§ What the task requires
Images excepted, the data below must be repeated exactly.

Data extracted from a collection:

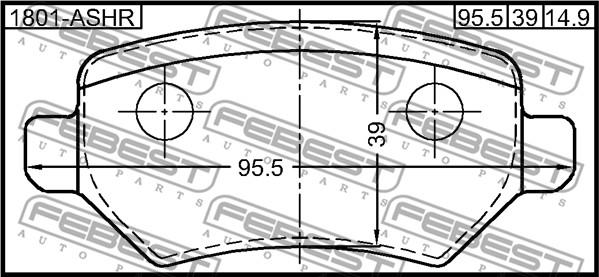 Febest 1801-ASHR - Bremžu uzliku kompl., Disku bremzes www.autospares.lv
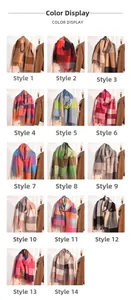 Collection de couleurs pour écharpes à carreaux et franges présentée en grille hiver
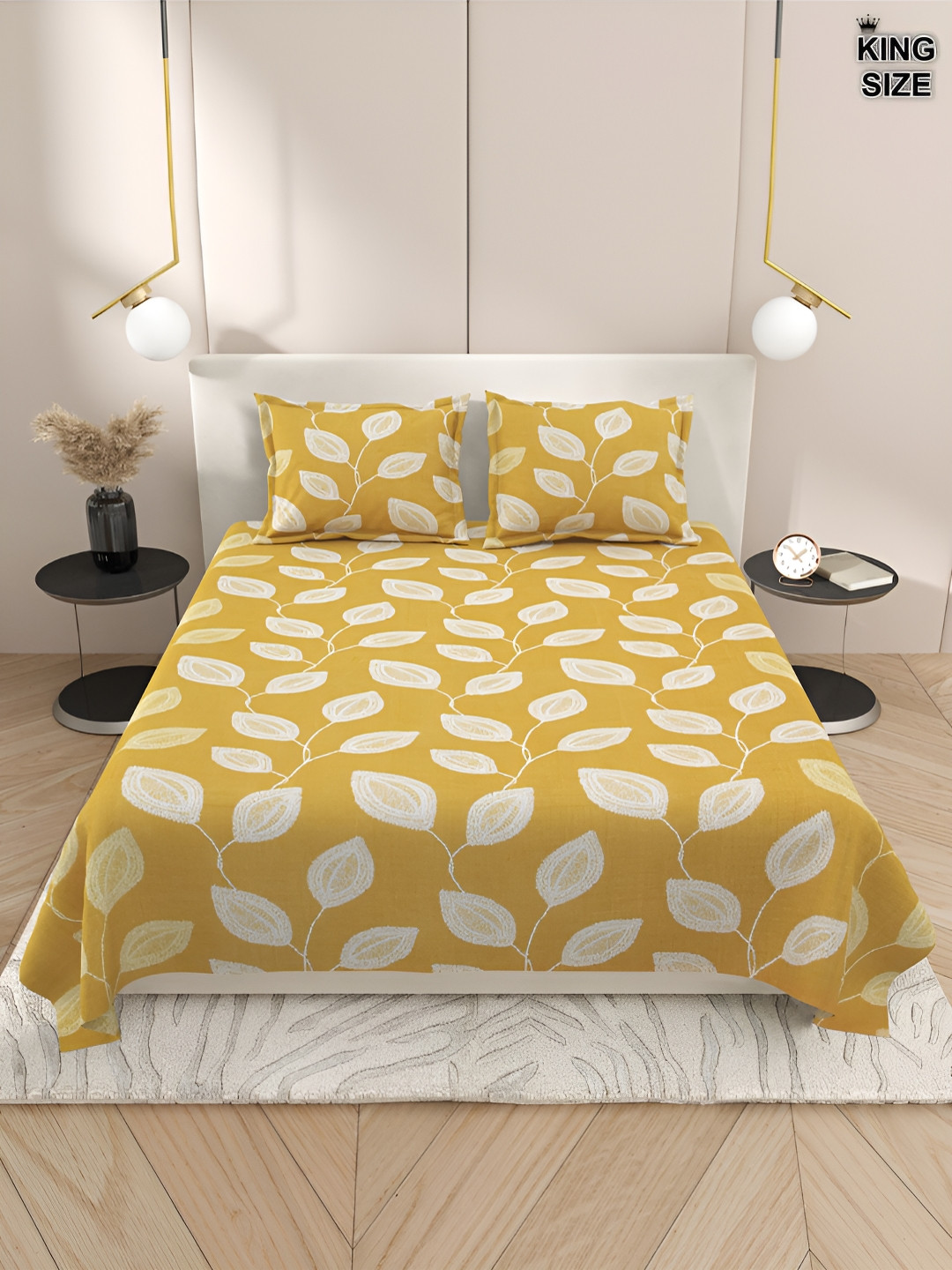 

DREAM WEAVERZ Mustard & White Cotton 220 TC Super King Bedsheet With 2 Pillow Covers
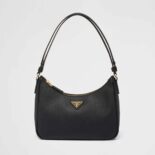 Prada Women Saffiano Leather Mini-Bag with the Metal Triangle Logo-Black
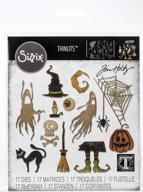 🎃 sizzix frightful things thinlits набор трафаретов tim holtz, 17 штук: создайте страшные поделки с легкостью! логотип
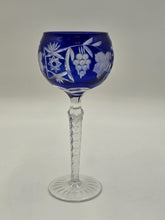 Nachtmann Saphire Blue Lead Crystal Wine Glass Grapes Floral Cut 8.5" Stemware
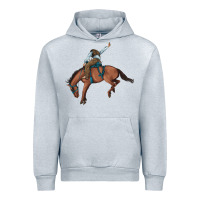 Heather Grey bucking bronco cowboy rodeo Urban Hoodie - Artiststas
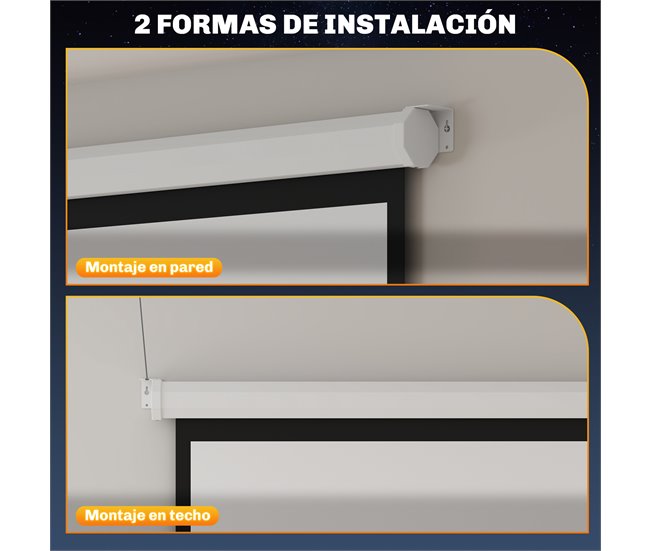 Pantalla Proyector Plástico HOMCOM Blanco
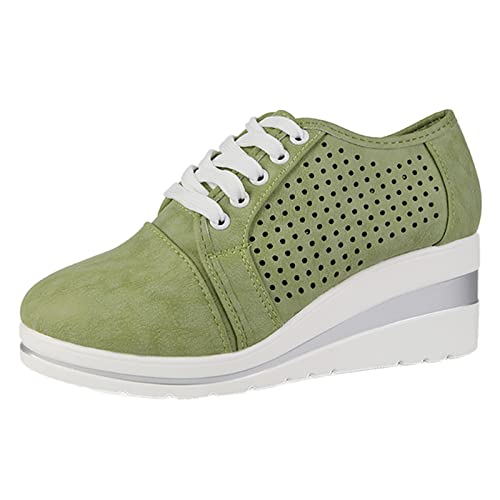 **Men's & Women's Wide Width Casual Shoes - Breathable Hollow Out Wedge Heels for Height Increase | Perfect for Walking, Travel & Everyday Wear**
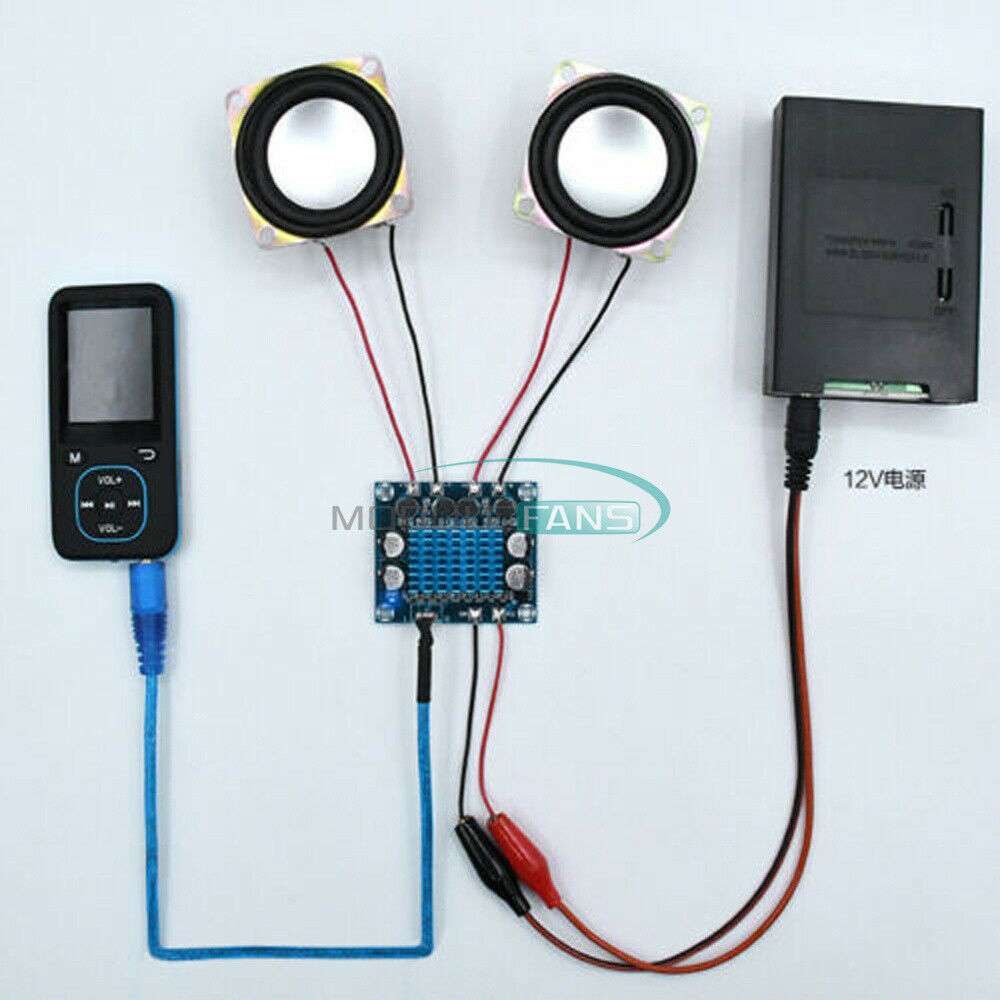 2-Channel Digital Audio Power Amplifier Board 30W+30W Audio Module DC 8-26V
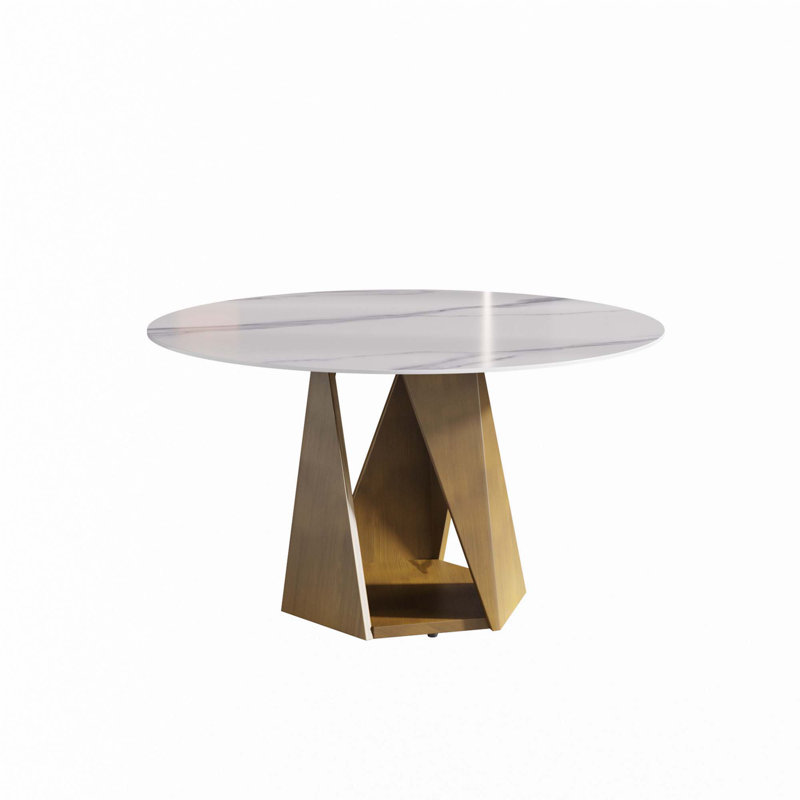 53" Round Marble Dining Table(Dining Table Only), White, Bronze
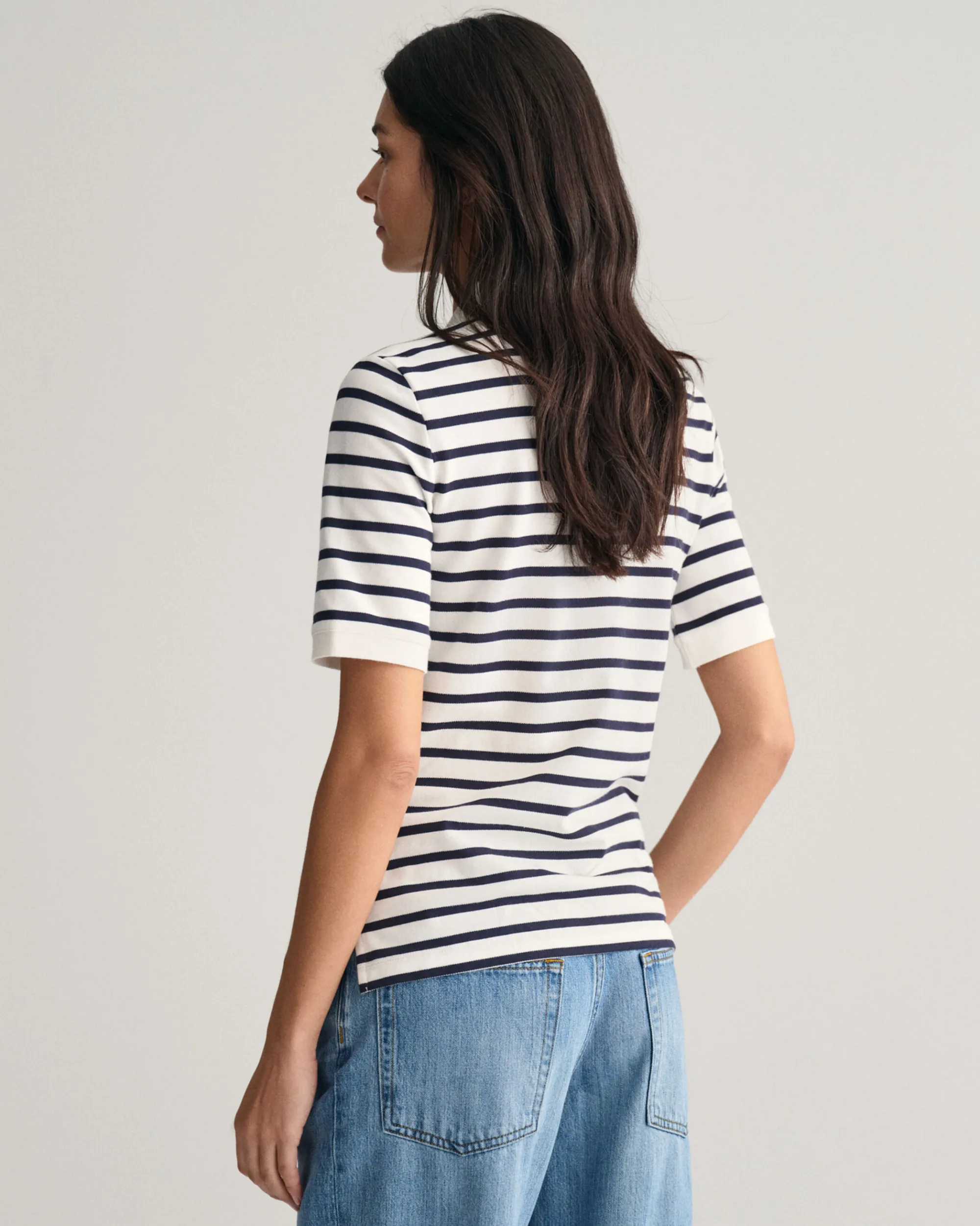 Striped Shield Piqué Polo Shirt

§ Answer to this task
 Febest 1801-ASHR - Bremžu uzliku kompl., Disku bremzes www.autospares.lv
 Collection de couleurs pour écharpes à carreaux et franges présentée en grille hiver

DREAM WEAVERZ Mustard & White Cotton 220 TC Super King Bedsheet With 2 Pillow Covers
 Prada Women Saffiano Leather Mini-Bag with the Metal Triangle Logo-Black
 🎃 sizzix frightful things thinlits набор трафаретов tim holtz, 17 штук: создайте страшные поделки с легкостью! логотип
 Nachtmann Saphire Blue Lead Crystal Wine Glass Grapes Floral Cut 8.5" Stemware
 Heather Grey bucking bronco cowboy rodeo Urban Hoodie - Artiststas
 Pantalla Proyector Plástico HOMCOM Blanco
 **Men's & Women's Wide Width Casual Shoes - Breathable Hollow Out Wedge Heels for Height Increase | Perfect for Walking, Travel & Everyday Wear**
 2-Channel Digital Audio Power Amplifier Board 30W+30W Audio Module DC 8-26V
 53" Round Marble Dining Table(Dining Table Only), White, Bronze
 Striped Shield Piqué Polo Shirt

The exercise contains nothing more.